En dépit de ces réalisations, les experts mettent en garde contre le fait que la lutte contre la pollution de l'air est loin d'être terminée.Jemima Hartshorn de Mums for Lungs reconnaît l'impact positif de l'Ulez, mais souligne la nécessité d'une action continue, notant que plus de 100 000 enfants à Londres éprouvent encore des difficultés respiratoires chaque année.

Alors que Londres continue d'affiner ses stratégies de lutte contre la pollution atmosphérique, l'accent sera probablement mis sur le maintien des gains actuels et la résolution des défis restants.

2 articles

The Guardian (UK) logoThe Guardian (UK)IndépendantGaucheil y a 10 j
Les décès liés à la pollution de l'air à Londres ont chuté de 40%, selon les estimations d'une étude

Une étude de l'Imperial College de Londres estime que les décès liés à la pollution de l'air à Londres ont diminué de 40% entre 2019 et 2024. Cette amélioration coïncide avec la mise en œuvre de la zone à très faibles émissions de Londres (Ulez), qui facture les véhicules non conformes pour entrer dans certaines zones. Les niveaux de dioxyde d'azote ont chuté de 41%, et la pollution par les particules fines a diminué de 28%.

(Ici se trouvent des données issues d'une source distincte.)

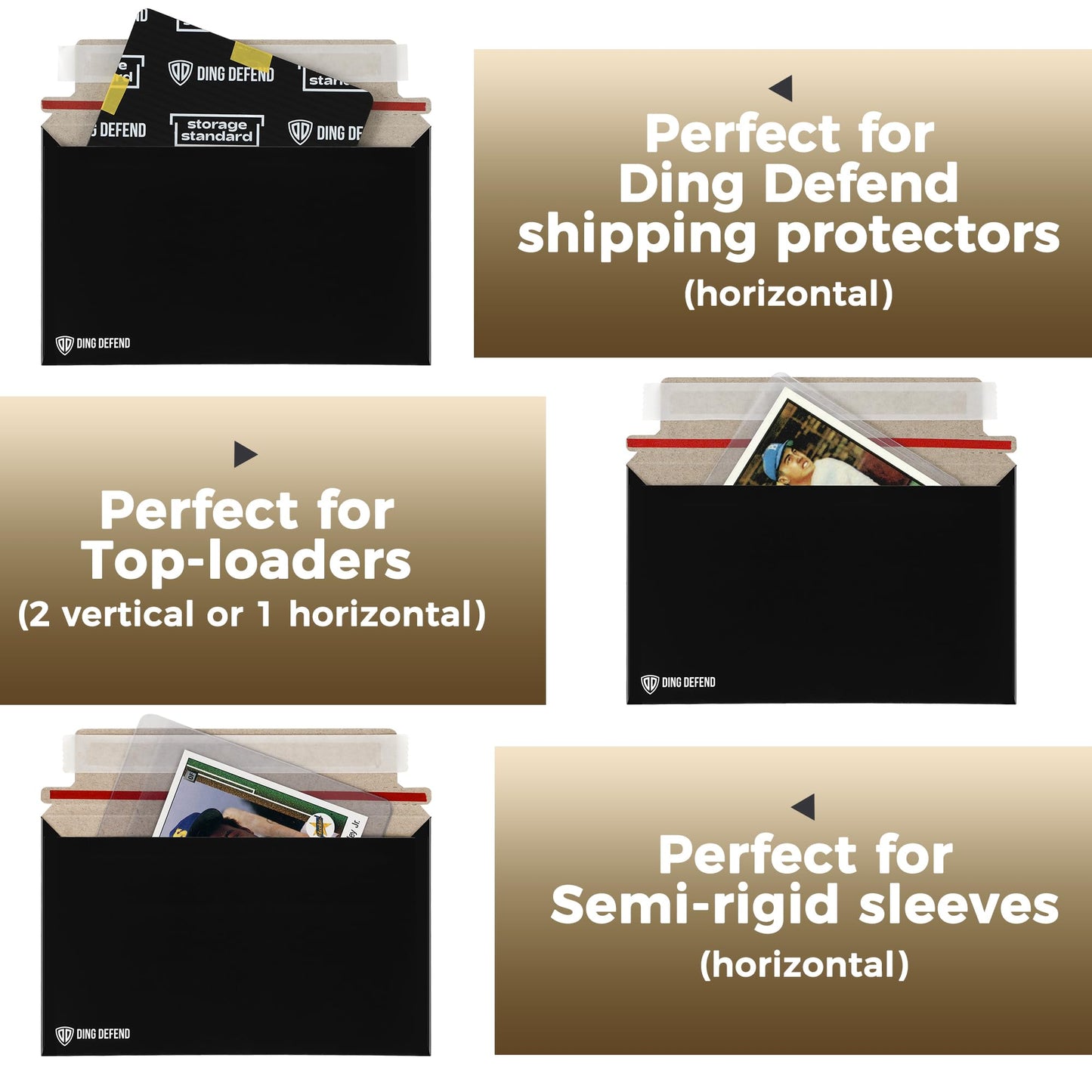 Card Shipping Envelopes 110 Pack - 7 x 4.35 Inches Trading Cards Self-Adhesive Black Mailers, Perfect Fit for Ding Defend Protectors Semi-Rigid Sleeves & Toploaders - Hobby Mailing Supplies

Lecture du biais (Gauche): L'article présente la réduction de la pollution atmosphérique comme le résultat direct des politiques progressives mises en œuvre par le maire de Londres, Sadiq Khan, soulignant le succès du programme Ulez et soulignant l'impact positif sur la santé publique.

The Independent logoThe IndependentIndépendantGaucheil y a 10 j
Les statistiques clés qui soutiennent l'expansion d'Ulez de Sadiq Khan à Londres:

Le maire de Londres, Sadiq Khan, a souligné l'importance de l'expansion de la zone à très faibles émissions (Ulez) sur la base d'une nouvelle étude montrant une réduction significative des décès prématurés liés à la pollution atmosphérique. L'étude, menée par l'Imperial College London, estime que le nombre de ces décès est passé de 6 400 £ 8 000 en 2019 à 3 800 £ 5 100 en 2024.

Lecture du biais (Gauche): L'article présente l'expansion de l'Ulez comme une politique réussie qui présente des avantages évidents pour la santé publique, en utilisant un langage positif ("preuves accablantes", "action audacieuse", "transformer des vies") et en soulignant l'efficacité des politiques environnementales progressistes.